None of this is a big deal, but my mill is usable again and I expect to be using it as I go forward with the work on the Grizzly conversion.  I spent entirely too much time with trying to install the system the way I wanted, though.  It would have been far easier to buy a second drive and keep Windows on that.  Instead, I just have my installation CD. 


  1. That is some good out of the box thinking.

    Digital angle gauge? If the gauge is accurate enough, and you stick the digital angle gauge to one of the jaws with the back of the gauge against the chuck, and then zeroed the gauge, would the gauge read 0.0, 90.0, and so on as the chuck turned. And if you turn the chuck in both directions during the test do you get the same results.

    Simple laser pointer? Laser weapon sight? My first thought was to bounce the laser beam off of the flat of the square bit and see if the spot returned to the same point. But then I thought that a longer action arm would magnify any backlash errors. If you stick the laser emitter to the chuck, so that the beam radiates outward, parallel to the shank of the chuck key, you could mark the laser spot on the ceiling, and two walls. If the laser spot returns to the marked spots then the backlash is good. (And you have invented the first CNC Cat Amusing Device) I am sure that by calculating the distance from the emitter to the walls/ceiling and applying the math you could figure out the accuracy of the backlash.

    1. I'm kind of surprised I didn't think of using a laser boresight finder, considering (1) we did that at my last job to verify that our radars were sweeping properly and backlash was cranked out, and (2) I have a boresighting laser about 4" from my left hand, and several other lasers around the house. Likewise, I have a digital angle indicator that has magnets on it and would stick to the chuck, or a piece of sheet steel.

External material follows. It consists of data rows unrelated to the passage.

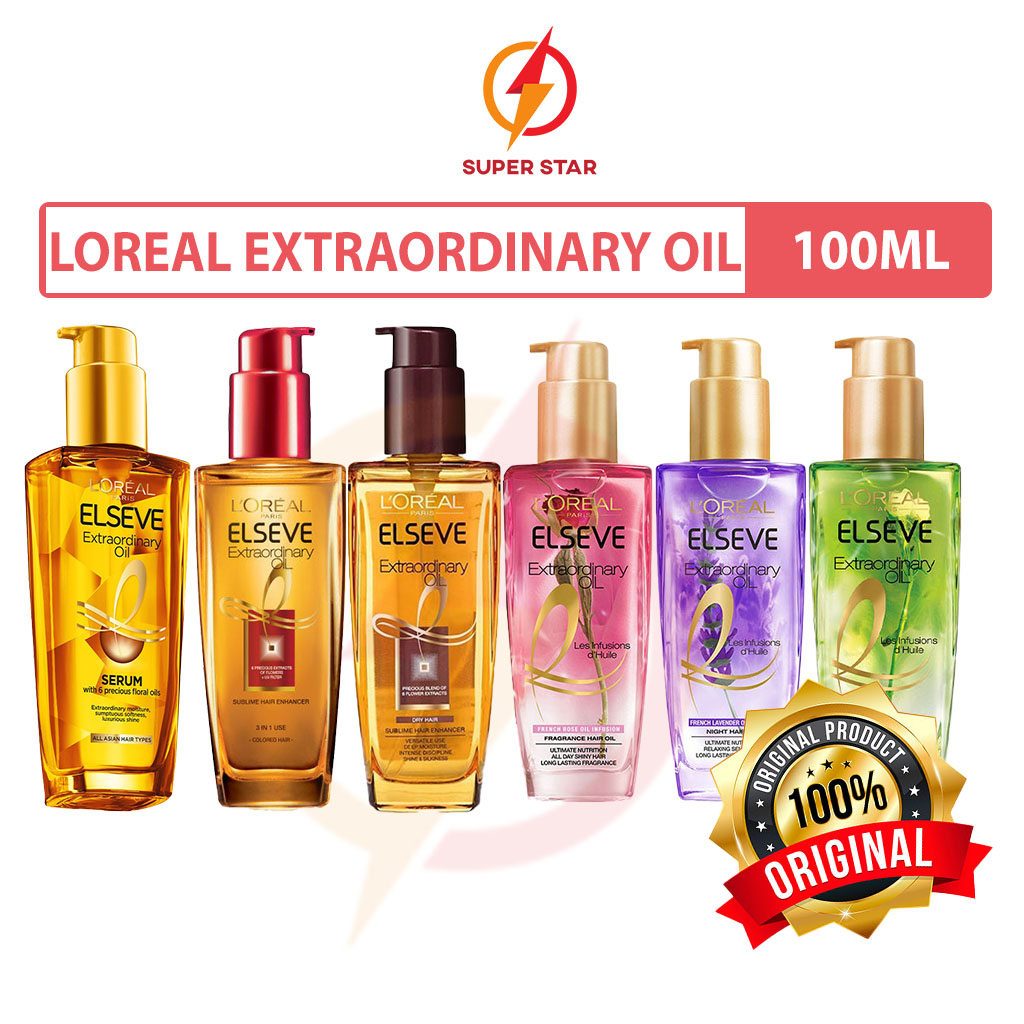 Loreal Paris Extraordinary Hair Oil 100ml Flora Oillavendergoldrosejasmine Shopee Malaysia 2924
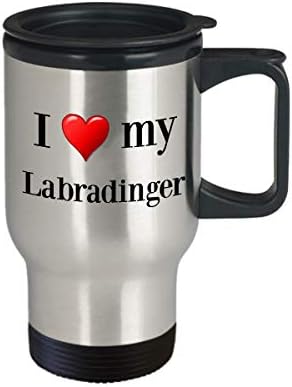 Labradinger Seyahat Kupa-Termal Yalıtımlı Paslanmaz Çelik Labrador Retriever İngilizce Springer Spaniel Mix Köpek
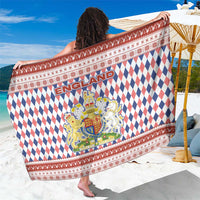 England Christmas Sarong with Red Blue White Diamond Pattern Santa and Coat of Arms - Wonder Print Shop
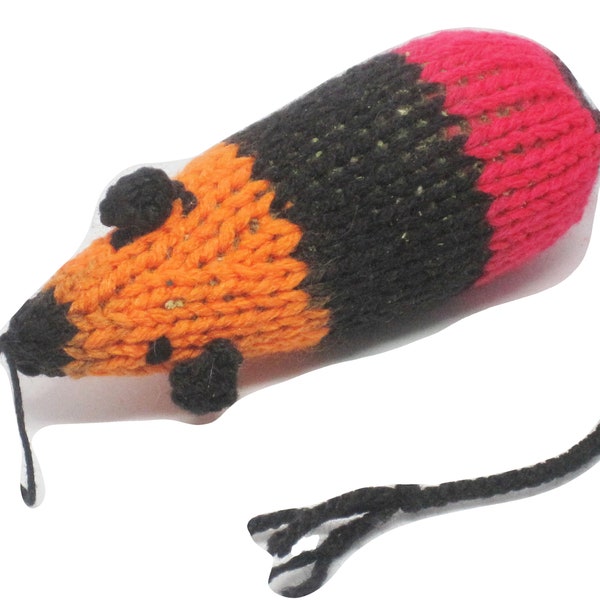 Knit Catnip Mouse Cat Toy is Red and Orange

      On the other hand, what I was doing would allow me to see a backlash of under a quarter of a degree fairly easily. (1/4" * sin(1/4 degree) = .0011" - pretty easy to see on a dial indicator) 15 minutes of arc? Is that good? How good does it have to be? It's probably acceptable for the size things I work on the Sherline. The table is 4" in diameter; if I worked on something that size, and really had 15 minutes of backlash, that's about .009". I don't like that amount of backlash, but it depends on exactly what the work is.

      We all like the idea of zero backlash, but I think there's almost always some wasted motion.

  2. Are you sure you want to go to Linux CNC? Those little all in one Mach3 boards are working great for me.

    On my third machine with them here.

    Delivered from China I got 4 axis board, 4 steppers, power supply and cable for $188 all in.

    Btw those Nema23 stepper spacers you was making.. I see that there are extruded models for about $6. I am thinking thats a better deal than 3d printing mine.


    1. Well, my fault for not investing in a 3D printer first. It's easier for me to make mine out of aluminum, all things considered.

      Could you drop a link for one of those Mach3 boards? I think you have information that I don't. I did some searching for "known good hardware" on the Linux forums and the only thing I could find were PC motherboards that didn't even have a processor.

      The steppers I'm using are Automation Technologies, 570 in-oz. I think the next higher torque are NEMA 34.